Is this proof that $\sqrt 2$ is irrational correct?

Suppose $\sqrt 2$ were rational. Then we would have integers $a$ and $b$ with $\sqrt 2 = \frac ab$ and $a$ and $b$ relatively prime.

Since $\gcd(a,b)=1$, we have $\gcd(a^2, b^2)=1$, and the fraction $\frac{a^2}{b^2}$ is also in lowest terms.

Squaring both sides, $2 = \frac 21 = \frac{a^2}{b^2}$.

Lowest terms representations of rational numbers are unique, so we have $a^2 = 2$ and $b^2=1$.

But there is no such integer $a$, and therefore we have a contradiction and $\sqrt 2$ is irrational.

I am not interested in the pedagogical value of this purported proof; I am only interested in whether the logic is sound.

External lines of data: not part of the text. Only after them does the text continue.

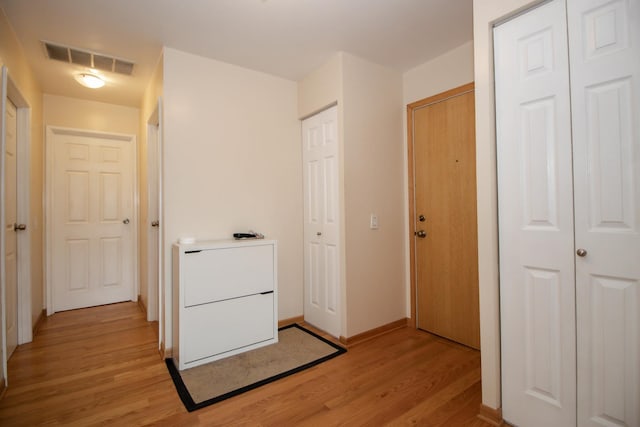 3150 W Bryn Mawr Ave Unit 301, Chicago, IL 60659 - laundry area with light wood finished floors and baseboards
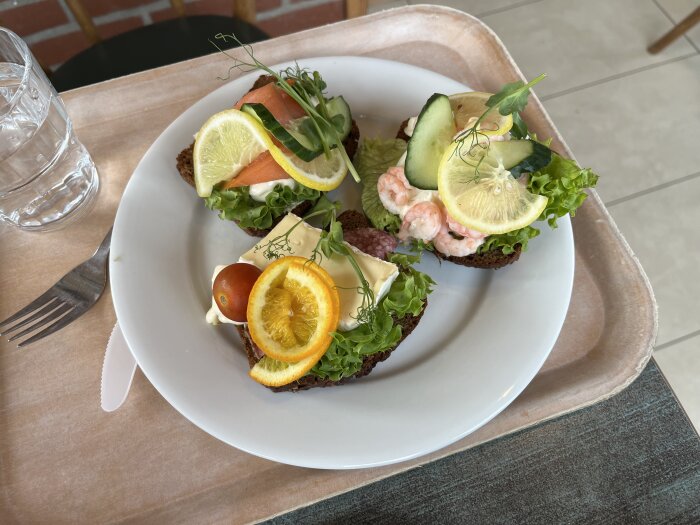 Tre smörrebröd på en tallrik med lax, citron, räkor och ost, garnerade med sallad, tomat och apelsin.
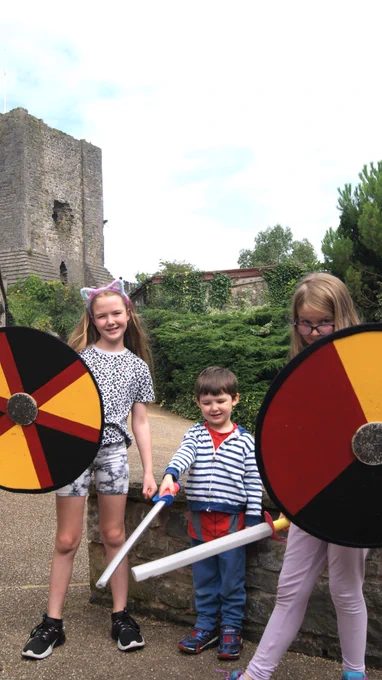 Three children with shields and foam swords with Clitheroe Castle in the background.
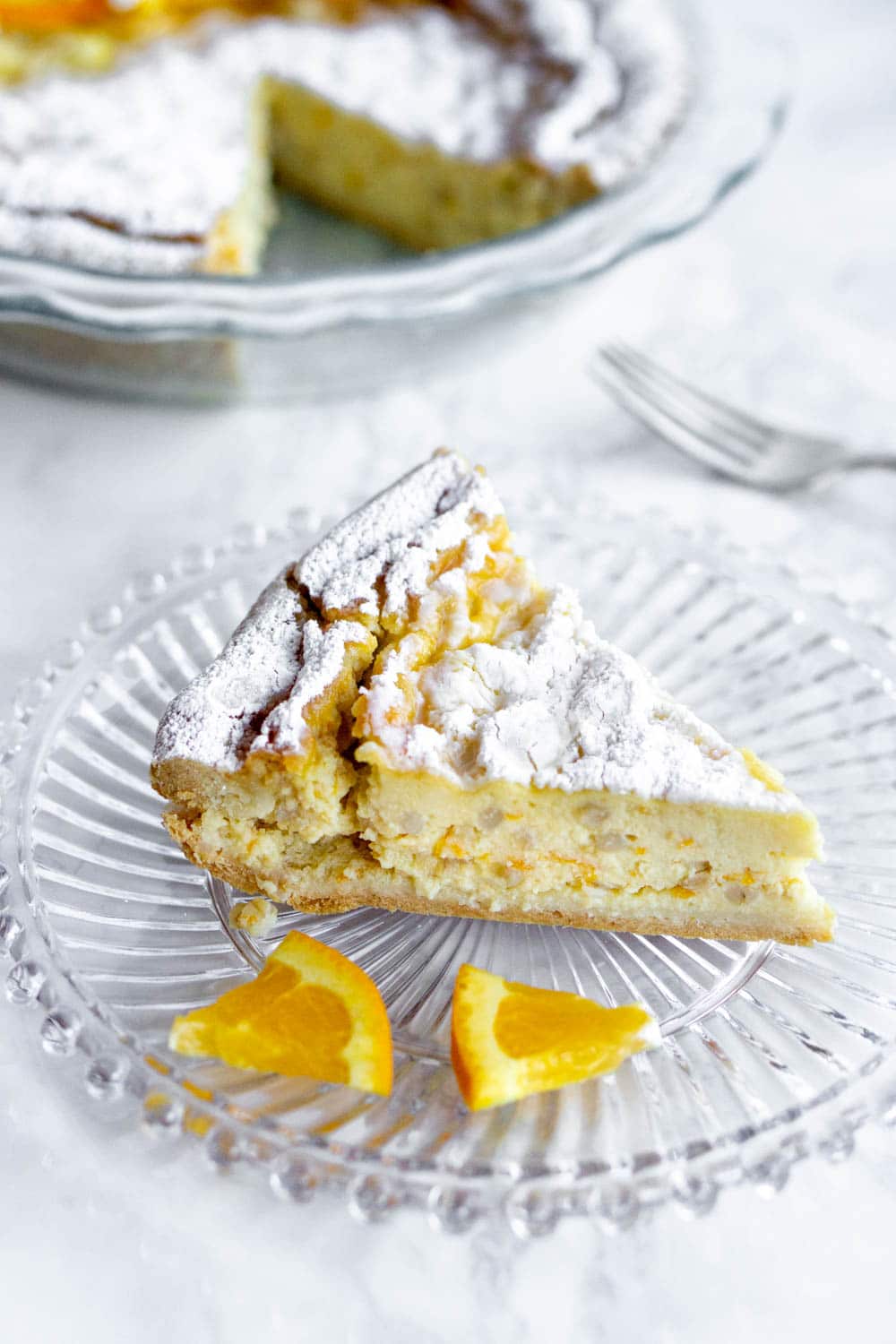 Pastiera Napoletana: Italian Easter pie with ricotta and beautiful orange flavors #pastieranapoletana #easterdesserts #pinacooks #italiandesserts Side shot of slice of pastiera napoletana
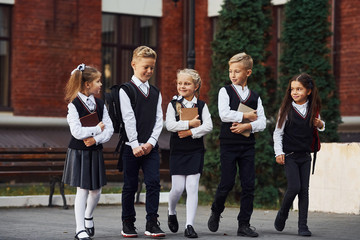 Group of kids in school uniform that is outdoors together near education building - obrazy, fototapety, plakaty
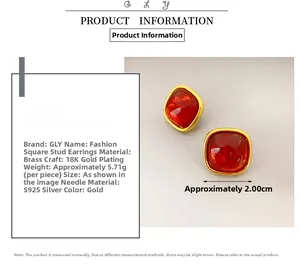 Detail view of square gold stud earrings with red stone inlay and size specifications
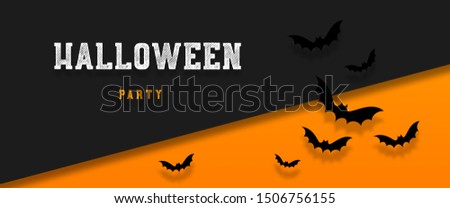 Halloween holiday background with bats flying over orange background. Flat lay, top view, copy space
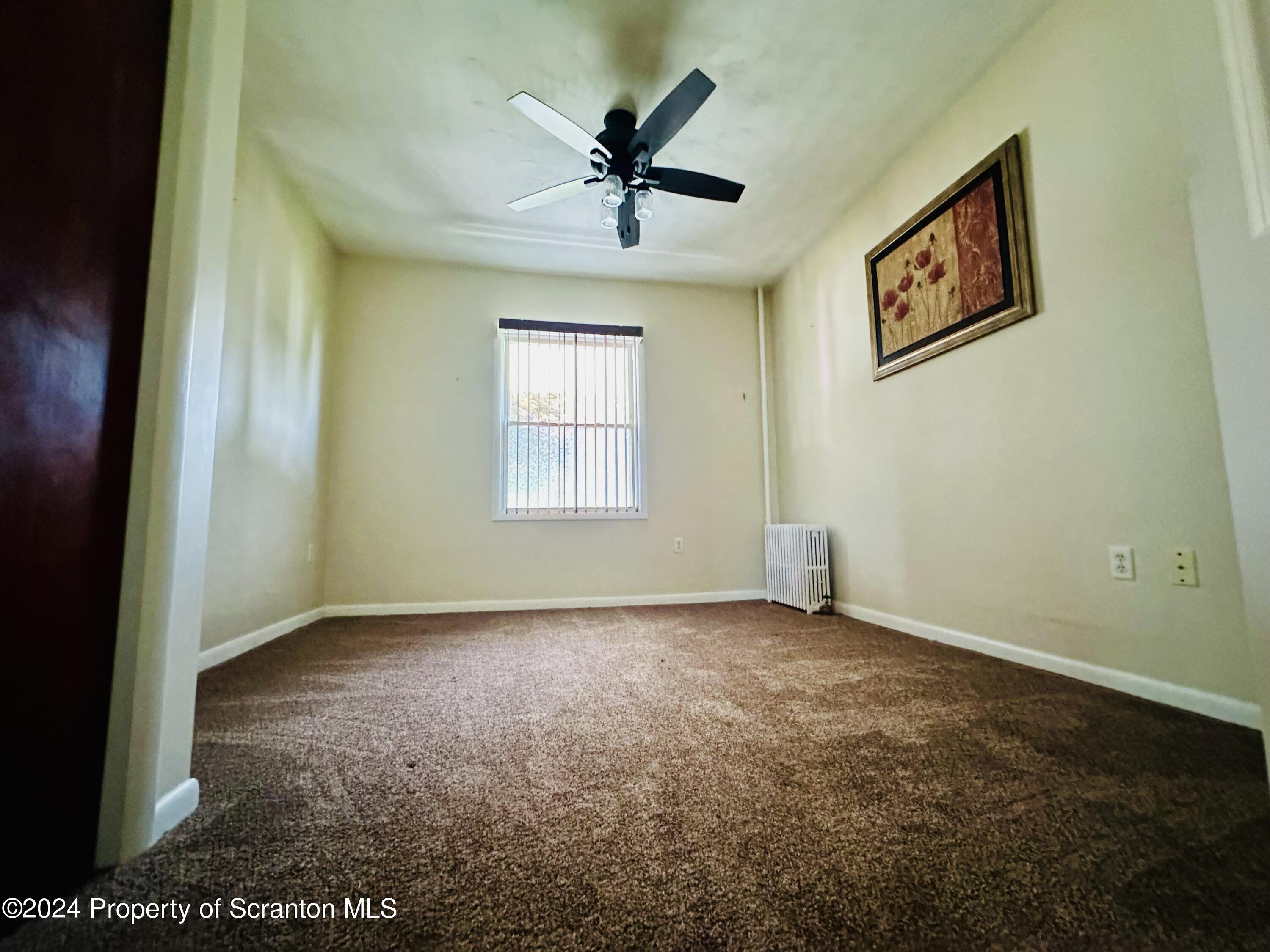631 Cherry Street Scranton, PA 18505 - Photo 11 of 17 an empty room with windows and fan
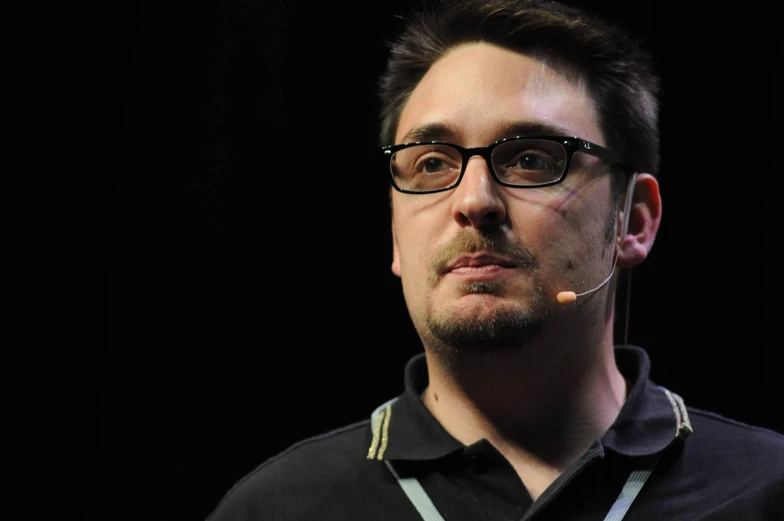 a man in a black shirt with a mustache and glasses on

Your proof is correct. Quicker, from $\rm\:(a,b)=1,\ 2\,b^2 = a^2\:$ we deduce by Euclid's Lemma (EL) that $\rm\:b\:|\:a^2\:\Rightarrow\:b\:|\:a\,\ $ (i.e. $\rm\:b\:|\:ac\:\Rightarrow\:b\:|\:c\:$ for $\rm\:c=a).\:$ Therefore $\rm\:\sqrt{2} = a/b\in \mathbb Z.\:$

In your proof, the only "uniqueness" result one needs about reduced fractions is the following:

$\rm{\bf Lemma}\ \ (a,b)=1,\ \dfrac{a}b = \dfrac{A}B\:\Rightarrow\:b\:|\:B\ \ $ Proof $\rm\ \ Ab=aB\:\Rightarrow\:b\:|\:aB\:\Rightarrow\:b\:|\:B\:$ by EL $\ $ QED

$\rm Hence\quad\ \, (a,b)=1,\ \dfrac{a}b = \dfrac{2b}{a}\ \Rightarrow\:b\:|\:a\ \Rightarrow\ \sqrt{2}=\dfrac{a}b\in\mathbb Z.\ $ So you don't need $\rm\:(a^2,b^2)=1.$

The converse of the Lemma is also true, i.e. Euclid's Lemma is equivalent to this uniqueness property of reduced fractions. For more on this topic see my posts on unique fractionization.

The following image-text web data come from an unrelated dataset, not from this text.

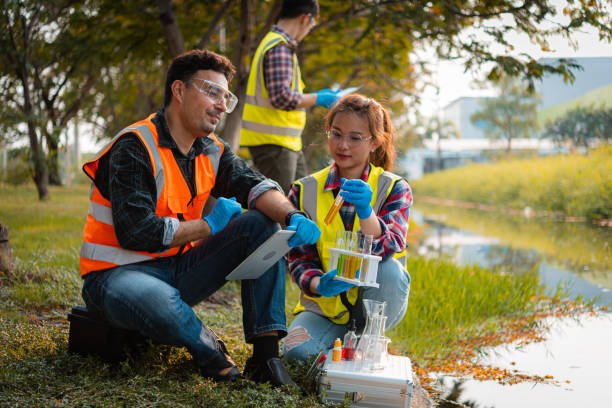 Scientists team collect water samples for analysis and research on water quality, environment with saving earth. Scientists team collect water samples for analysis and research on water quality, environment with saving earth. ecologist stock pictures, royalty-free photos & images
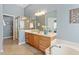 Bright bathroom with a glass shower, soaking tub, wooden cabinets, large mirror, and ceramic tile flooring at 2941 Grandview Heights Lane Ln, Raleigh, NC 27614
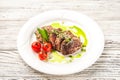 Chateaubriand in a restaurant close-up. Beef tenderloin steak with tomatoes on a white plate and copy space Royalty Free Stock Photo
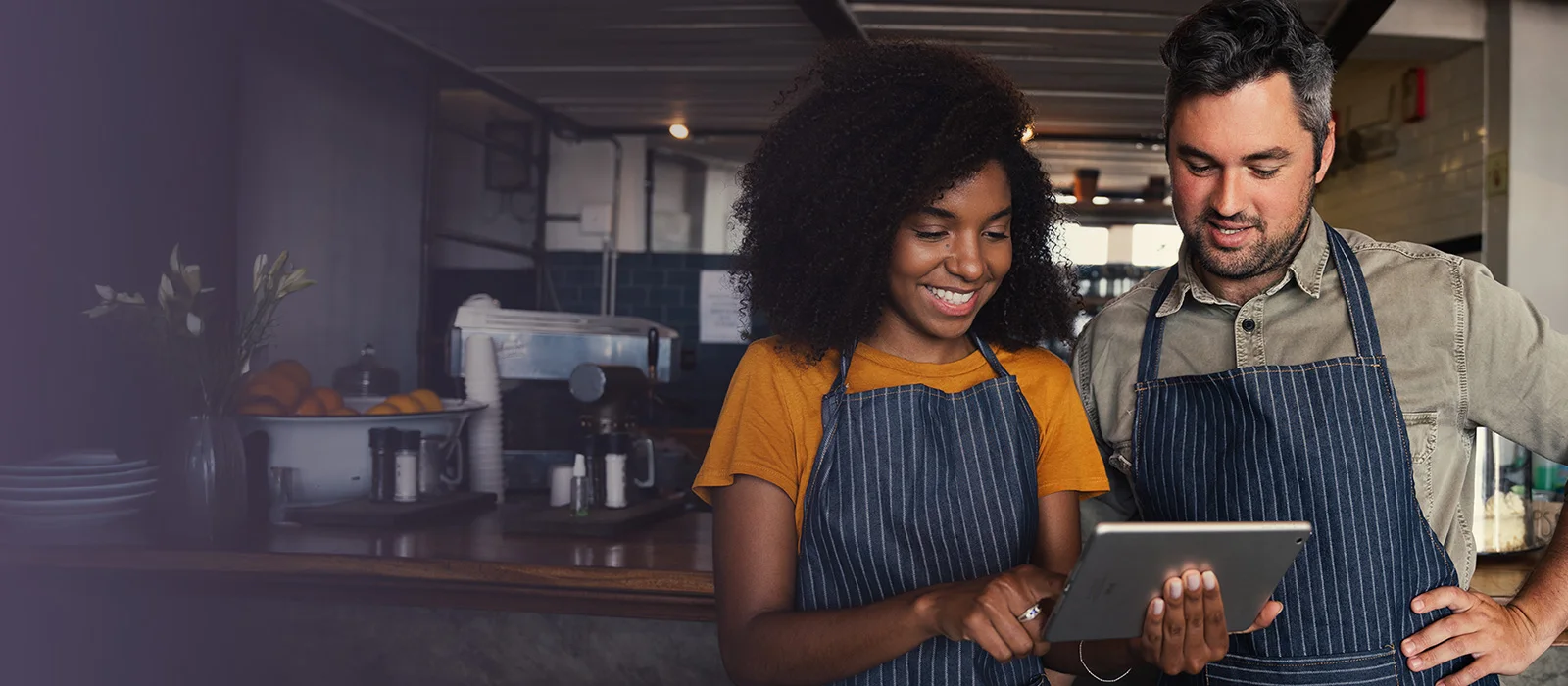 2 people showing a laptop with results from a marketing campaign for their restaurant in rochester ny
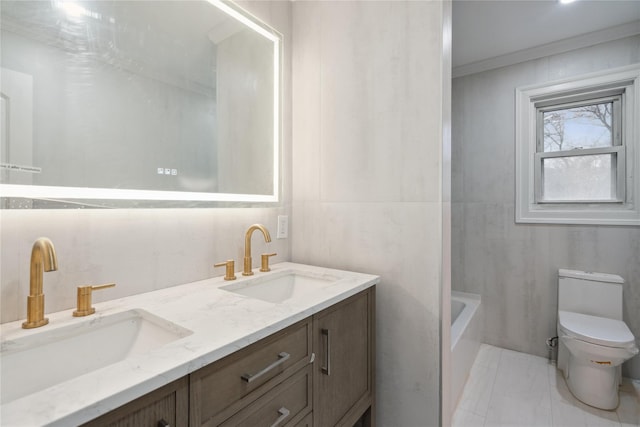 bathroom featuring vanity, ornamental molding, and toilet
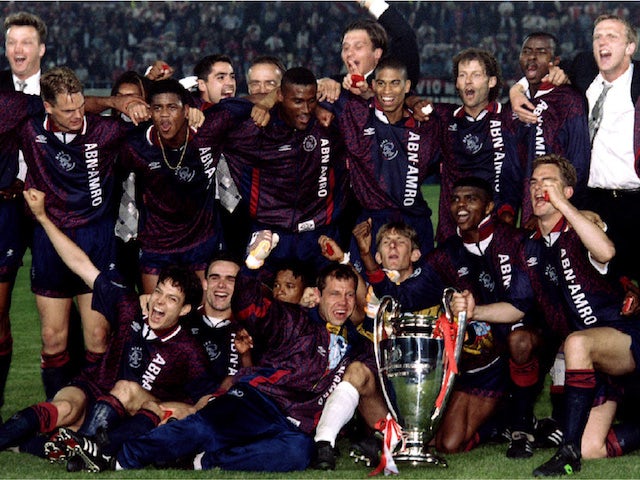 Ajax celebrate with the Champions League trophy in 1995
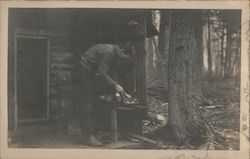 Hunter on the Porch of a Cabin Dressing His Kill Postcard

Hhmmm ... Here is a short one.

We all know that $\sqrt{2}$ is a root of $x^2-2 = 0$

Apply Rational Root Theorem and you're done

It goes something like this : if $\sqrt{2} = \dfrac{p}{q}$, then $q=1$ and $p$ is a factor of $2$. Hence the only possible rational root of $x^2-2=0$ would be $-2,-1,1,-2$.

A quick check shows that this is not the case. Therefore $\sqrt{2}$ is irrational.

A bit further now : using the same Theorem, shiw that $\sqrt{n^2+1}$ is irrational.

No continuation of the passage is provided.